Jan 22, 2006
CM Professionals recently held elections to replace two outgoing members of the Board of Directors (Ann Rockley and Frank Gilbane). The two new board members are Scott Abel and Mary Laplante. Both Scott and Mary have a long history of contributing to CM Professionals and I am looking forward to working with them as board members. I also want to recognize Ann and Frank for their great leadership and dedictation to the organization.
The CM Professional's management committee also got some new blood in this year's election. Janus Boye is our new Director of Member Relations and Mollye Barrett is the new Director of Communications. Welcome Janus and Mollye!
Jan 20, 2006
The U.S. Department of Homeland Security has recently pledged one million dollars (read in a Dr. Evil voice) to fix security bugs in open source projects like Linux, Apache and Mozilla. Stanford University and Symantec are going to do the work. On the one hand, I think that is a nice (but token) gesture of support for open source as a national (dare I say planetary?) asset. On the other hand, from a security standpoint, I would say that open source already has a distinct advantage over proprietary software because there are more people looking at the code and its flaws ("Given enough eyeballs, all bugs are shallow"). For example, I would not vote on an electronic voting system whose source code was not exposed to public scrutiny. So why single open source software out? I wonder what the government can do to make proprietary software more reliable and secure because, if you look at the security alerts, that is where the majority of problems seem to be. on the other hand, I am not sure that I want the government to have any influence over code that I cannot see in light of the recent trends regarding privacy.
Jan 18, 2006
Joe Lamantia recently posted two excellent articles on how "Enterprise Software" is losing touch with the real business problems and being displaced by more agile targeted technologies.

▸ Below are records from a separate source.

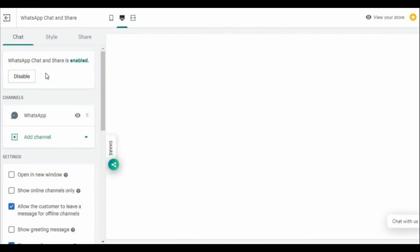After clicking customize app, you see right here on the left side of the screen all the settings of the app to customize your WhatsApp button on your Shopify store. The first thing you need to do is enable the WhatsApp chat, and after that manage all the settings of your WhatsApp button.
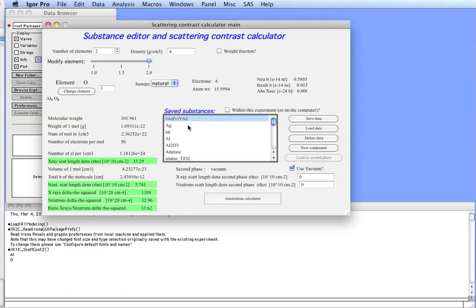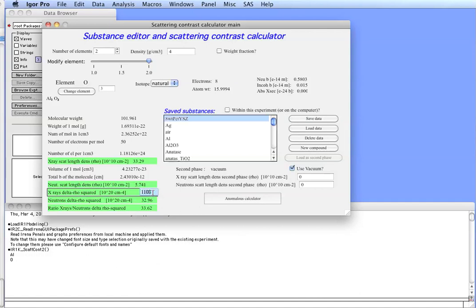So, here we can calculate, here we can load the parameters. Now, let's assume you have aluminum oxide and vacuum. Vacuum would be, for example, voids because they typically have a density of vacuum. So, you would have voids in aluminum oxide. In that case, your free electron approximation contrast is about 1110 to the 20 cm to minus 4. For neutrons, you have 32.96, and the ratio between x-rays and neutrons is about 33.62.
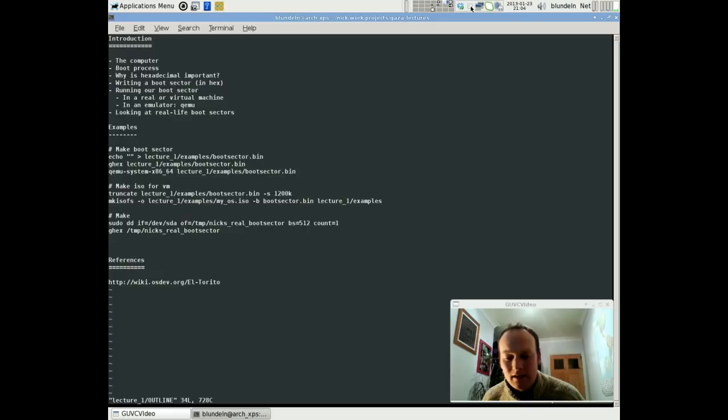The idea is just to show you some very practical things, like how we can start to write low-level code, looking at assembly and machine code, and then building up eventually into C.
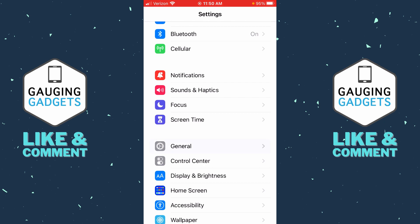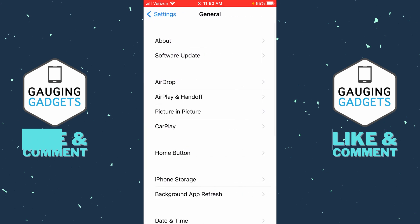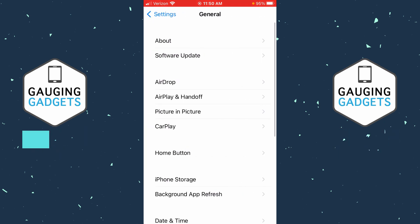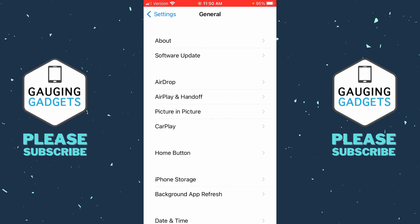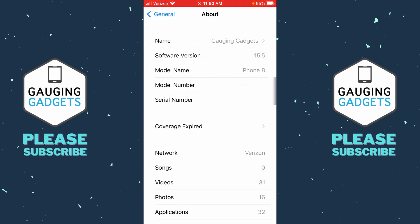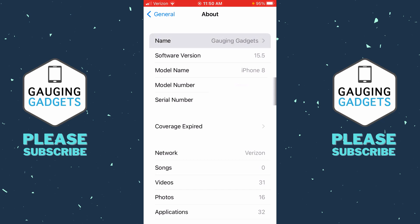Once we're in General, select About at the top. The section that says Name at the very top — that is the name of your iPhone, and it's also the name used for your Wi-Fi hotspot. So all we need to do is go in there and select Name.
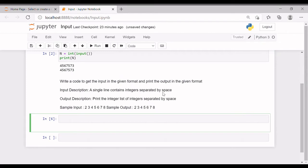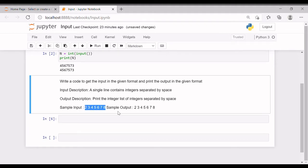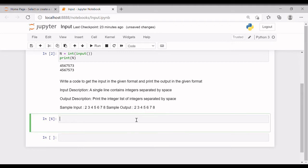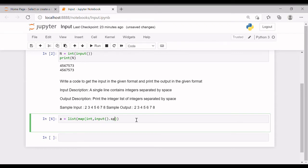Welcome to Formal Infinity. In this video we will be discussing input and output operations in CodeChef. The sample input is of seven integer values and we are required to print the same. We can declare a list A, obtain the input values, and then print them using the print function. There are many methods to solve this problem.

You can read the posts here and here. I could not have made these points better myself (although if you have been reading this blog for while, you know that I have tried).
Jan 18, 2006
Someone recently pointed out to me that my blog layout does not display correctly on MSIE6 and I am embarrassed to say that I didn't check the other browsers when I applied the new style. I should have because 29% of my last 100 visits have been by people using IE6. In Steve Zimmerman's defense, the problem is not really with the template. The non-wrapping code samples in my "ZOracle" posts make the right column shift down to the bottom where it is safe. The Gecko engine, used by Mozilla and Firefox, allows the code samples to run over the right column. For now, I think I am going to leave it. MSIE users will have to scroll down to the bottom for the navigation until the ZOracle posts fall out of scope. Untill then, have I ever told you about a great little browser called Firefox?
Jan 17, 2006
I just read this post by Stefano Mazzocchi that discusses the difficulty of merging metadata.

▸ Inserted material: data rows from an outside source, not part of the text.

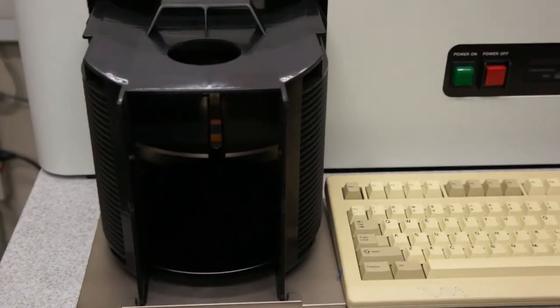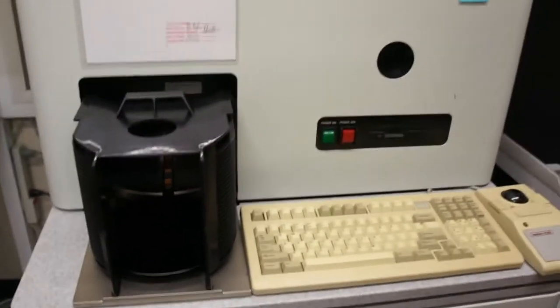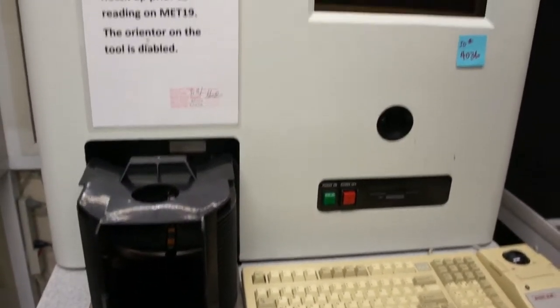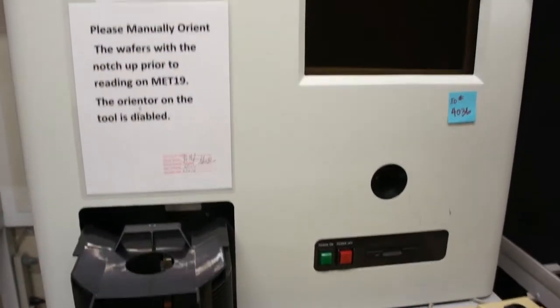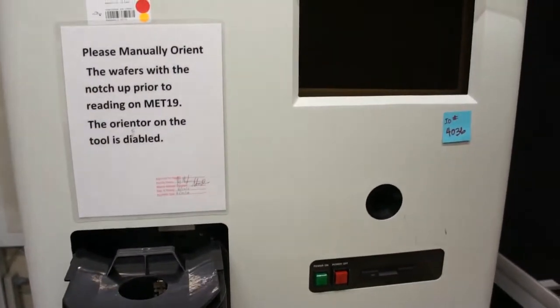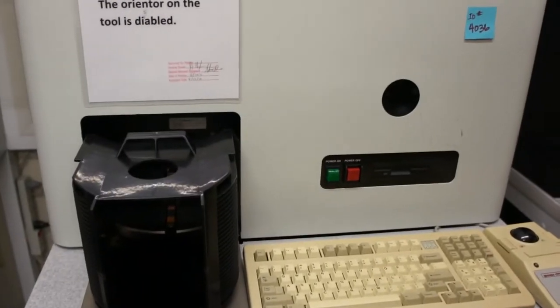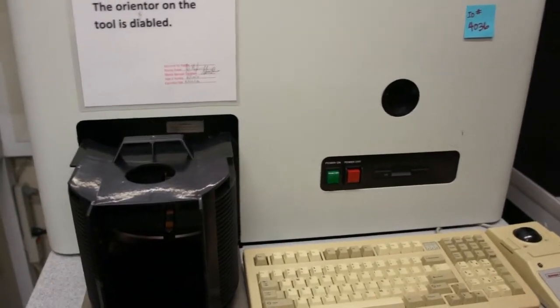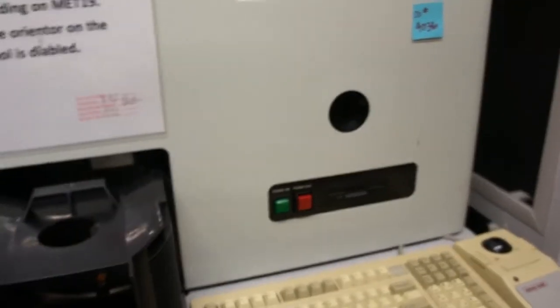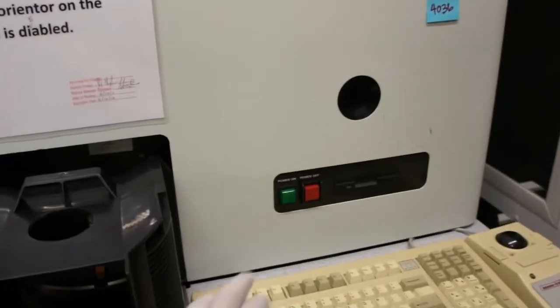So we have an 8 inch cassette and the tool is currently powered down. We're going to demonstrate a full power up and just go ahead and power this tool up.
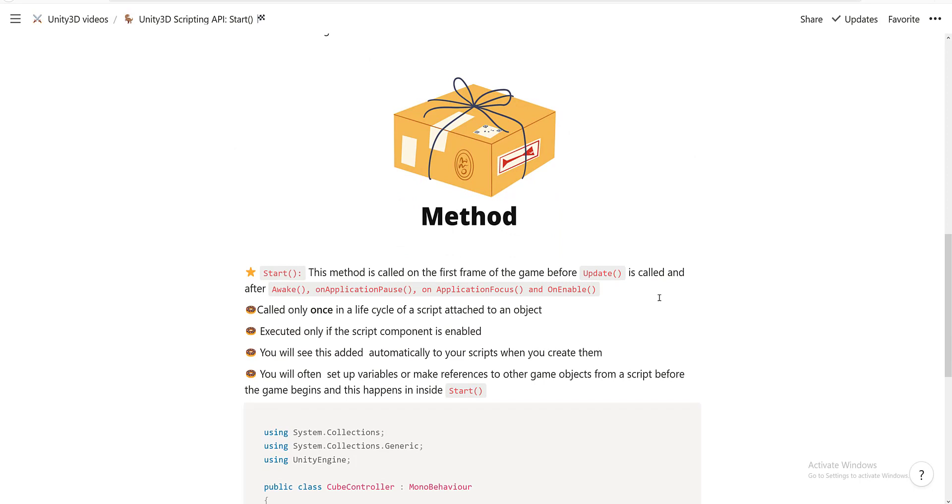So the Start method is called after the Awake, OnApplicationPause, OnApplicationFocus, and OnEnable methods, but before the Update method. The Start method is called only once in the lifecycle of a script attached to an object. It is executed only if the script component is enabled.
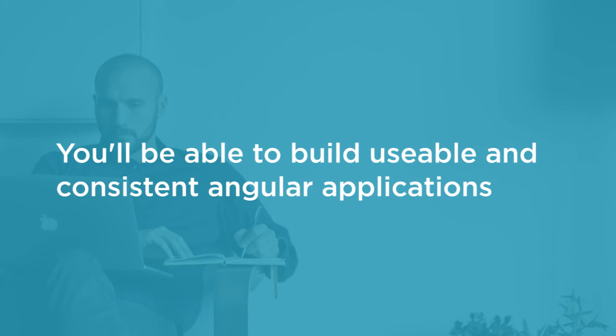So if you don't have an army of graphic designers and UX people at your disposal, but you still want to produce beautiful and familiar web applications that your users will love, this is the course for you.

One thing we figured out a while ago is that merging two (or more) datasets with high quality metadata results in a new dataset with much lower quality metadata. The "measure" of this quality is just subjective and perceptual, but it's a constant thing: everytime we showed this to people that cared about the data more than the software we were writing, they could not understand why we were so excited about such a system, where clearly the data was so much poorer than what they were expecting.

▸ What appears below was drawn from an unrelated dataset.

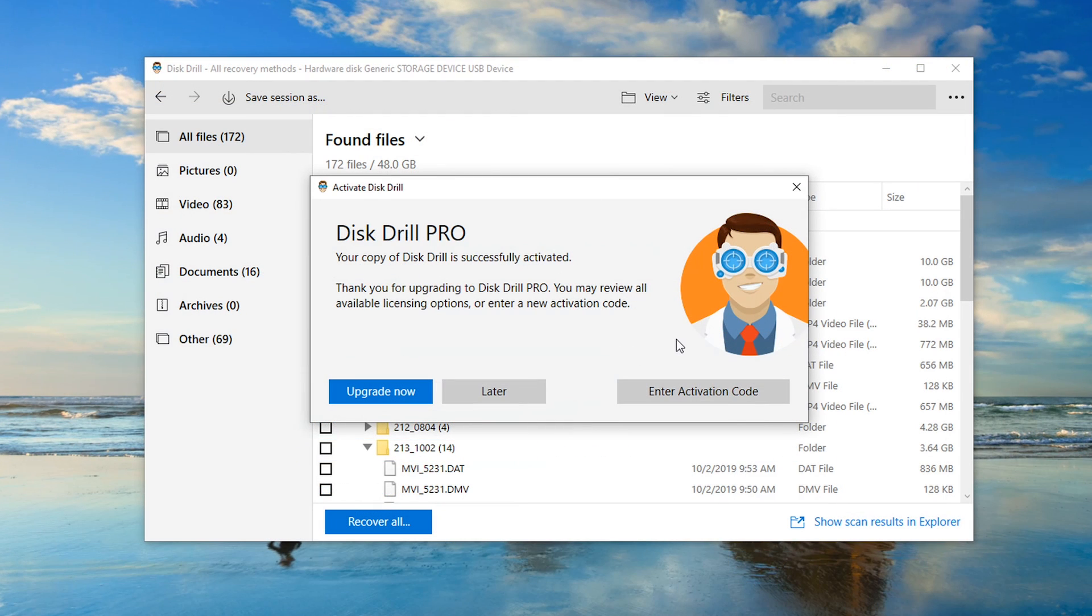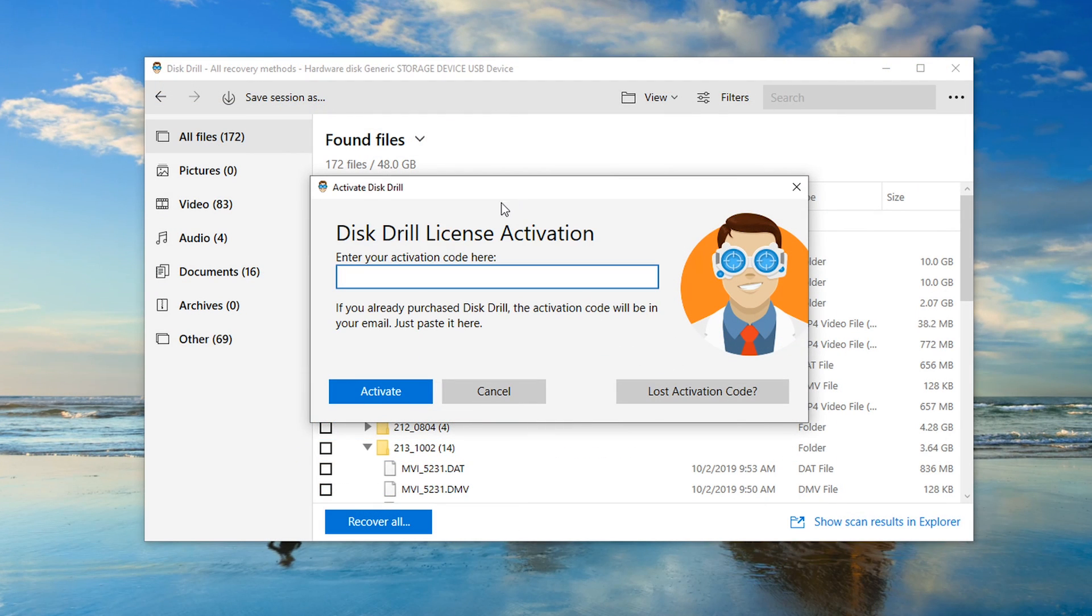Once you receive the activation code in your email, just click on the Enter activation code and paste it into the prompt.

Stefano speaks mainly from a Semantic Web perspective but his observations are very relevant to content management and aggregating content from multiple sources. Right now the general business world is very far behind the community in which Stefano works (librarians, which you could say are metadata professionals). Our users struggle to invest any time author good metadata. But once we finally get them to truly focus on the metadata (or automate them out of the process), hopefully library science and the semantic web will have solved the issues and nuances of when you have good metadata and are ready to really use it.
Jan 12, 2006
Karim Lakhani wrote an interesting article about the Mozilla Corporation, a wholly owned, "taxable," subsidiary of the Mozilla Foundation. Karim is serving on the advisory committee to help Mozilla how to figure it all out. The article describes how Mozilla Corporation has an opportunity to become a new kind of software company focused on "social responsibility, profitability and community purpose." Of course, corporate buyers will focus on the price and quality of the product, but the social/community angle will help foster good will and contribution from the development community. Who knows? Maybe the Mozilla Corporation will become the Ben and Jerry's of software.
Jan 11, 2006
Eric Shea just passed on this article describing how Zope3 is dumpinjg the old ZServer and go with The Twisted Framework for its web server.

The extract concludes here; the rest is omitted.